Iago has found Othello and they are discussing Brabantio's reaction to the elopement. Othello responds that the Signiory, or the ruling directorate of elderly leaders, of the republic will protect him. We learn further that Othello has descended from a royal line:
"I fetch my life and being from men of royal siege."
(Othello, I, ii, 20)
He goes on to add that he feels he deserves Desdemona:
"…and my demerits (1)
May speak unbonneted to as proud a fortune
At this that I have reached. (2)
(Othello, I, ii, 21-2)
Othello demonstrates his feelings of social inadequacy at this remark. We feel that he truly loves Desdemona, but one feels as if she is viewed as a prize that Othello feels he has won. Does he really feel he deserves Desdemona, or is she merely a chance for a peaceful civilian life? He has traded the rigors and dangers of battle for those of love and marriage. This is an area he had little experience and even less knowledge in dealing with.
Cassio arrives to inform him of the Duke's call for him. Iago then informs Cassio of Desdemona and Othello's marriage. Brabantio arrives with Roderigo in tow. Iago warns Othello to beware of Brabantio's intentions. Brabantio insults Othello and declares that Othello has used magic to subdue Desdemona's will:
"O, thou foul thief, where has thou stowed my daughter?
Damned as thou art, thou hast enchanted her!
…Whether a maid so tender, fair and happy
So opposite to marriage that she shunned
The wealthy, curled darlings of our nation,
Would ever have, t'incur a general mock (3)
Run from her guardage to the sooty bosom
of such a thing as thou - to fear, not to delight.
…thou hast practiced (4) on her with foul charms,
Abused her delicate youth with drugs or minerals
that weaken motion." (5)
(Othello, I, ii, 61-74.)
He wants Othello thrown in prison. When he is informed of the Duke's call for Othello, he accompanies him to the Senate to accuse him there. Before leaving, Brabantio has the last word:
"For is such actions may have passage free,
Bond slaves and pagans shall our statesmen be."
(Othello, I, ii, 96-7.)
In a council chamber, the Duke and Senators are pondering news of a threatened invasion of Cyprus by the Turks. They are debating the validity of the reports when a sailor enters. He informs them that the Turks are headed for Rhodes, but that it is a diversion. Brabantio, Othello, Cassio, Iago and Roderigo arrive. The Duke immediately asks Othello is he will fight the Turks and without waiting for a response, greets Brabantio. He informs the Duke of Desdemona's disappearance and blames her decision on witchcraft. The Duke promises to punish Desdemona's abductor. Brabantio reveals that the abductor is Othello to everyone's dismay. Othello admits he has married Desdemona and declares that only through feats of battle did he win Desdemona. Brabantio retorts that Othello had to have used magic, because she would never in her right mind have consented to marriage with Othello. Desdemona is summoned to the chamber.

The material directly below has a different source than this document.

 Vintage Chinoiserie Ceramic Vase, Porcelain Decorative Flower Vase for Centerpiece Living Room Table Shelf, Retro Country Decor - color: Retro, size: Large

Othello, waiting for her arrival, offers his explanation of how Desdemona came to love him. It seems Brabantio was fond of him and would often have him to his house. He would question Othello for hours: the battles, sieges, fortunes, his slavery, everything about his past. Othello added that regardless of what other tasks she had to perform, Desdemona would always find time to listen to his tales. She seemed to become enchanted and enraptured with them:
"She loved me for the dangers I had passed,
And I loved her that she did pity them."
(Othello, I, ii, 166-7.)
Otello says this is the only witchcraft he used and calls upon Desdemona, who is entering, to substantiate what he has said. The Duke observes that Othello's tale would surely have captured the attentions of his daughter. He encourages Brabantio to make the most of the marriage. Brabantio resists, calling upon Desdemona to refute Othello's statements. She observes that her conscience is split between the man she loves and her father out of respect and duty. But, as her mother has shown her, she must claim the Moor as her husband.

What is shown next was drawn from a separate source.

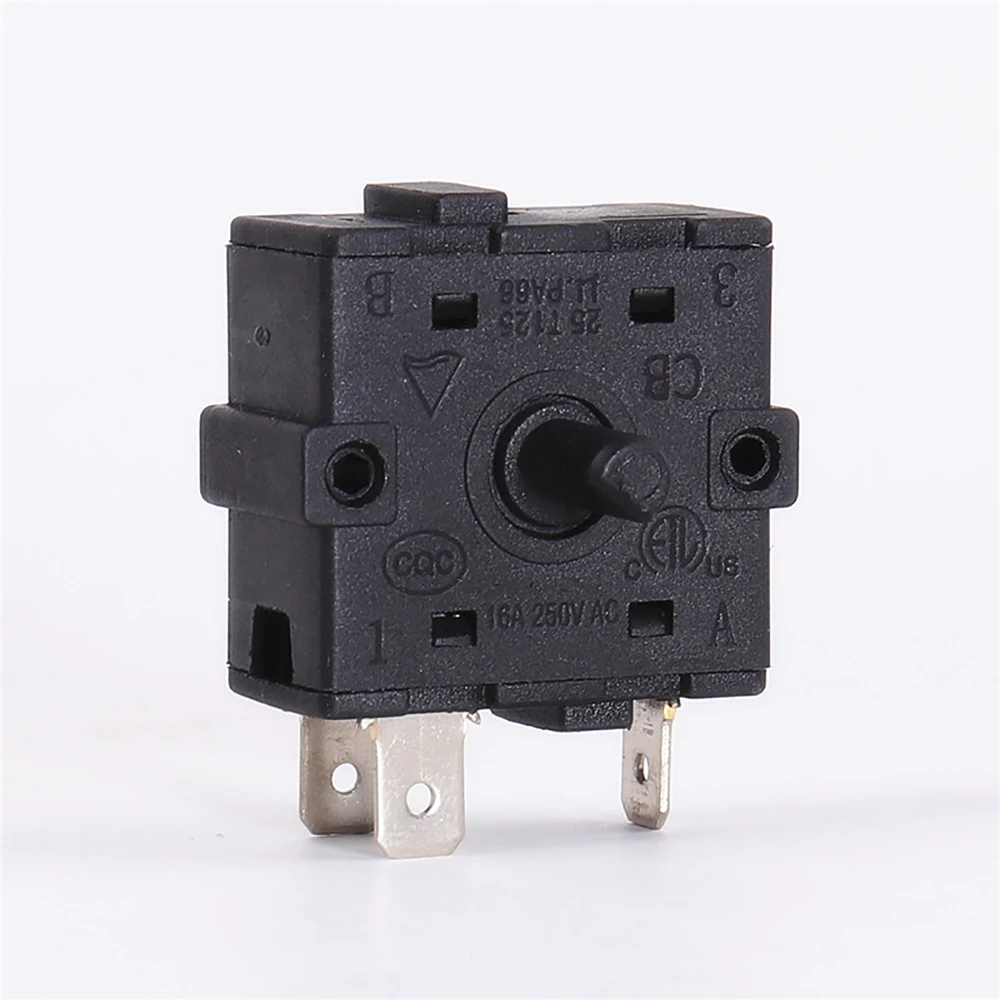 3 Pin Steam Electric Iron AC 250V 16A Rotary Switch Selector Shift Switch ironing accessories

Brabantio asks to go on to the business of the Turks. Othello is told he is the best man for the job at hand. They already have a viceroy in place, but feel it would be better handled by Othello. Othello accepts the mission and requests accommodations for himself and Desdemona. Brabantio will not let her stay with him and even if he would, Othello and Desdemona would not tolerate it. Desdemona goes on to say that she wants to live with the Moor. She reinforces that she fell in love with him because of his honors and valiant deeds. She asks to be sent with him. Othello adds that it is not for reasons of lust or consummation of the marriage. He admits the real reason is for Desdemona to have time for herself and to escape any negative influences her father (or society?) may try to exert upon her. It is agreed upon and Otello assigns Iago custody of Desdemona. The Duke, trying to soften the blow to Brabantio, comments:
"If virtue no delighted beauty lack,
Your son-in-law is far more fair than black."
(Othello, I, iii, 284-5)
Brabantio however, bids an ominous farewell to Othello:
"Look to her, Moor, if thou hast eyes to see:
She has deceived her father, and may thee."
(Othello, I, iii, 287-8)
If Brabantio held Othello in such high esteem, why has he turned against Otello so quickly and angrily? Brabantio looked upon Othello as an equal on the battlefield. To the people of Venice, Othello was a grand hero. But, because of his color, he was refused entrance to the social circles he so desired. Othello was alright as long as he was the hero telling tales, or the General defending their freedom on the battlefield. When he wanted more of Brabantio and society, however, he could not receive it. There were distinct boundaries set for Othello by society. Once he over-stepped those, he opened the door for outright, tolerable discrimination and reversed all of the advances for acceptance he had made. The only way for him to close that door was an outright victory over the Turks, and even then, things would never be the same again.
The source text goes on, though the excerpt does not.